Orange-infused Chicken


  1. Split the spring chicken in half and wash thoroughly.
  2. Heat oil in a pan over low heat and pan-fry the chicken.
  3. Add the ginger, garlic, and thyme to the pan. Continue searing until the chicken skin is golden brown, then flip and sear the meat side.
  4. Quickly add the Shaoxing wine and cook for 1 minute.
  5. Add light soy sauce, dark soy sauce, crystal sugar, 150ml of orange juice, and 30ml of lemon juice.
  6. Simmer over medium-high heat for 5 to 8 minutes until the sauce thickens.
  7. Stir in butter and continue to glaze the chicken for 1 minute.
  8. Remove from heat and grate lemon zest over the chicken.
  9. Add in pan-fried potato wedges, and drizzle with sauce.

Smoked Chicken


  1. Prepare a large wok and cover it with two layers of aluminum foil.
  2. Add in the sugar, tea leaves, flour, star anise, and white rice.

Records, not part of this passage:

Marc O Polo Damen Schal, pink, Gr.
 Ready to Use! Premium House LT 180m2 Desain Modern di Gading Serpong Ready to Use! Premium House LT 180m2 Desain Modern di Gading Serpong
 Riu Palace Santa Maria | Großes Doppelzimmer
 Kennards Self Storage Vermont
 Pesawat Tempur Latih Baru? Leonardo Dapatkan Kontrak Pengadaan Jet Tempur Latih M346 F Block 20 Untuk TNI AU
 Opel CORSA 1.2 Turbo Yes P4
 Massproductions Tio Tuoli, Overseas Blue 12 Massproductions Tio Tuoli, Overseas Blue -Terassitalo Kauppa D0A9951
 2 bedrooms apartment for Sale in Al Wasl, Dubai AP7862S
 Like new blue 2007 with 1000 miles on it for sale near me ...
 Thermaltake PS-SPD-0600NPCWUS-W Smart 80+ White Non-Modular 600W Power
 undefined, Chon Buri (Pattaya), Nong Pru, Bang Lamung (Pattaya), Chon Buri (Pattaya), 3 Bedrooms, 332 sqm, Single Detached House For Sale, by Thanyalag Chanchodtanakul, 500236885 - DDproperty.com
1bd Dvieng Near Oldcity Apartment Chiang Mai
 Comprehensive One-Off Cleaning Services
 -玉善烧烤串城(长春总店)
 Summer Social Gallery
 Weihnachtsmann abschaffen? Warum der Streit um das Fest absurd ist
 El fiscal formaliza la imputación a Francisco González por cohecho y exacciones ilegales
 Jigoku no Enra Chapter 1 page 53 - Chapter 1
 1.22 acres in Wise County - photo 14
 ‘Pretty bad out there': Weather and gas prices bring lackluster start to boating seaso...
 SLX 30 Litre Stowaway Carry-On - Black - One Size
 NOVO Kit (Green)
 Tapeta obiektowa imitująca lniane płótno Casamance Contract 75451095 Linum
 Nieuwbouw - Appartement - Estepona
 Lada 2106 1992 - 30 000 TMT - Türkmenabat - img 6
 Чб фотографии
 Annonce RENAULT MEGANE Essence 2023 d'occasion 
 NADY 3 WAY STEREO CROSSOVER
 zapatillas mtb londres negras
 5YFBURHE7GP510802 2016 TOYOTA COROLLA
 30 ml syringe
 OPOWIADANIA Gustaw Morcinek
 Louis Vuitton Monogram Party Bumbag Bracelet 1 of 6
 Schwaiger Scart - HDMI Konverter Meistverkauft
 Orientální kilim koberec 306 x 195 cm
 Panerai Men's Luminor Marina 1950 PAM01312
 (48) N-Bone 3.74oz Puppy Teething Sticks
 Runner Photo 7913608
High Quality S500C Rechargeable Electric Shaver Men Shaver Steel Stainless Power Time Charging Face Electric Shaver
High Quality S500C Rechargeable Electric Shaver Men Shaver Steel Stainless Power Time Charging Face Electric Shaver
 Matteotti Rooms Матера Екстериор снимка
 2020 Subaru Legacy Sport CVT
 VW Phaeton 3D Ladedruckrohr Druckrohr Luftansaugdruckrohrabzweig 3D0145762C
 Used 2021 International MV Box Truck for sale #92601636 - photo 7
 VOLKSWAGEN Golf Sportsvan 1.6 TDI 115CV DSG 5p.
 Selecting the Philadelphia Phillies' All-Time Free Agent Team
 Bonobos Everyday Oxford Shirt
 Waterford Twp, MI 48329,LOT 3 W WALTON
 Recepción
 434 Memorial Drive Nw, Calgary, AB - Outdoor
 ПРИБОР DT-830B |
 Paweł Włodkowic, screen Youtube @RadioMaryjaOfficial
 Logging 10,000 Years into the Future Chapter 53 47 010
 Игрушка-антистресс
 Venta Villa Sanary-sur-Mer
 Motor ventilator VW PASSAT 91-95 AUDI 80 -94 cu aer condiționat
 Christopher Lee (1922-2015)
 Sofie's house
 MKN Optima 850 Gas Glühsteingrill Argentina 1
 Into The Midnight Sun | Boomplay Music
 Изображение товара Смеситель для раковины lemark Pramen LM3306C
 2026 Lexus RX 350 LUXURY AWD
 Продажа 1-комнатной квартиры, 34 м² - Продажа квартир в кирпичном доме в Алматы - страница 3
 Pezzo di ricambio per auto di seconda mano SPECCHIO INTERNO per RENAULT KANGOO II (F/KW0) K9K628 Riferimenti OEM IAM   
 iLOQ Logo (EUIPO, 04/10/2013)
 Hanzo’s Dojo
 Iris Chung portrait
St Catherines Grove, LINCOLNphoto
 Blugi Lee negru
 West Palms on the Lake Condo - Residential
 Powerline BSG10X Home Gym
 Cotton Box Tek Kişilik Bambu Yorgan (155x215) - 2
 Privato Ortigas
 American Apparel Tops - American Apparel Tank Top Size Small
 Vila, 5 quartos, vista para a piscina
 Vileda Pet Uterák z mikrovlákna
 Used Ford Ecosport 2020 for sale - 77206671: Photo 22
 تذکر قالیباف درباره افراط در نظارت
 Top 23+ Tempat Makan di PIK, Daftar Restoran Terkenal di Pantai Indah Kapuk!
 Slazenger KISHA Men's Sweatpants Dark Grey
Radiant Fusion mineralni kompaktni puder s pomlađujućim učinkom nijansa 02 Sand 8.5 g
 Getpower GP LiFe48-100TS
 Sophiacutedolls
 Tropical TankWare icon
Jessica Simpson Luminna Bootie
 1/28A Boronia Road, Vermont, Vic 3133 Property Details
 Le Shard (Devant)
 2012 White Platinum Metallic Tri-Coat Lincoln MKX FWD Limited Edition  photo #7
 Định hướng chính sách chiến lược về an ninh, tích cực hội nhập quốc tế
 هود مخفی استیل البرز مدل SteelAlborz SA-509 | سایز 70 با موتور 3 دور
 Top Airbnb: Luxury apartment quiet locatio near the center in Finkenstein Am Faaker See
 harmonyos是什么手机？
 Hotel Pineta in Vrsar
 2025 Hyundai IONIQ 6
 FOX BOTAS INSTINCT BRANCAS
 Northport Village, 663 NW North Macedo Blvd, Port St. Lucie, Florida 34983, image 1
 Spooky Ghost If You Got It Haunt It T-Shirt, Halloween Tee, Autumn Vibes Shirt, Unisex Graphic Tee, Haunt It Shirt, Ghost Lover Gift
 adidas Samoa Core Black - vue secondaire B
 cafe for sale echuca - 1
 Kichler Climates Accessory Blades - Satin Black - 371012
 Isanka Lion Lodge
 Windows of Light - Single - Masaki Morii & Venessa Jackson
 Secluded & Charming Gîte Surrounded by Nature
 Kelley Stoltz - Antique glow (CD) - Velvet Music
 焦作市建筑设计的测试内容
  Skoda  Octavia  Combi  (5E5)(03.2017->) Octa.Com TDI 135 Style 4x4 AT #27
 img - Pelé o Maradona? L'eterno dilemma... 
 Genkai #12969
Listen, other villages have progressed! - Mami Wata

Mix lightly with your hands then place a steaming rack over the wok and cover with a lid.
  3. Heat the wok over high heat for 5 minutes until it starts to smoke.
  4. Place the chicken on the steaming rack, cover it with lid, and continue smoking for about 2 minutes until the white smoke turns pale yellow.
  5. Smoke the chicken to your desired color, then turn off the heat. Let it rest for about 10 minutes to infuse the aroma.

Finishing touches


  1. Slice the smoked chicken in half. Debone and shred the meat from one half and set another half aside for plating.
  2. Mix the shredded chicken with chopped spring onion, orange segments, and orange-infused chicken sauce.
  3. Arrange the potato wedges and half of the smoked chicken on the plate.
  4. Layer with edible flowers, sugar snap peas, orange segments, and shredded chicken.
  5. Drizzle orange sauce over the plate.